Greenpeace is truly a rich achievement. It tells a great story that captures the spirit of a generation and a movement and that begins and ends with a lamentation on the birth of Greenpeace International. This provides the book with its purpose – to reclaim Greenpeace as a product of these amazing individuals in this special city at this historic time.
The dust-jacket promotes the book as the “definitive” record of Greenpeace “portrayed by someone who helped make it happen.” To academics, this is a contradiction, of course.
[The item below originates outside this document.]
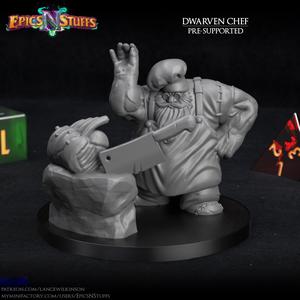 Dwarven Chef Miniature - pre-supported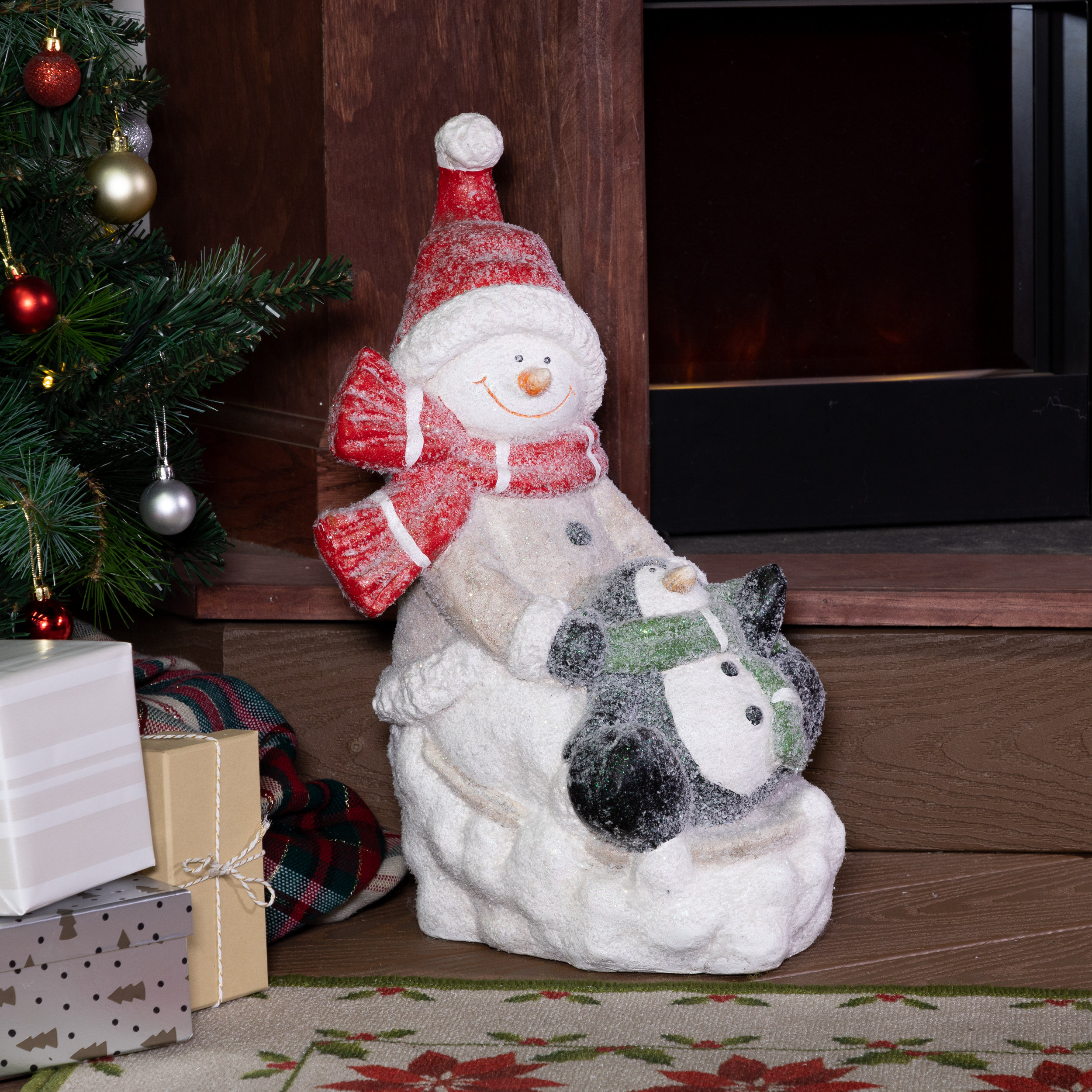 The Holiday Aisle Winter Snowman And Penguin Festive The Holiday Aisle Winter Snowman And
Such a work is necessarily “perspectival” rather than “definitive.” Indeed, rather than closing the book on Greenpeace, this story is an important contribution to an ongoing understanding of the organization and of the movement of which it was such a central part.
Wyler was a war resister from Colorado who joined Greenpeace in 1973 as photographer and, later, became publisher of the magazine Greenpeace Chronicles. His methodology falls somewhere between that of an ethnographic study and that of a historical novel. Huge amounts of primary research (interviews, documents, notebooks) are translated into direct (constructed) dialogue. The story is recounted in present time, with hindsight mixed in.
Under the influence of its founders, the brilliance of Greenpeace in the 1970s involved its strategy of (1) “bearing witness” (Quaker roots) through non-violent direct action and of (2) conveying the dramatic, derring-do images to the world through the visual media (journalistic roots). In Bob Hunter’s memorable term, the goal was to send out media “mindbombs.” With homage to Marshall McLuhan, Greenpeace recognized the constitutive role of “discourse” and harnessed its material power long before such awareness penetrated the academy.
At the same time, Wyler does not contemplate the limitations of the mindbomb strategy in an already corporate-controlled media and an evolving culture of entertainment and consumption. The organization’s lack of interest in grinding, less glamorous political work is also eschewed: “Our job was not to resolve the nuance of ecology. Our job was to expose ecology by delivering images to people’s minds. ‘Let the scientists and politicians sort out what to do/ Hunter often said” (501). For example, although Greenpeace was represented at the International Whaling Commission after 1977, tnat story (which led to a pelagic moratorium in the summer of 1979) is not told.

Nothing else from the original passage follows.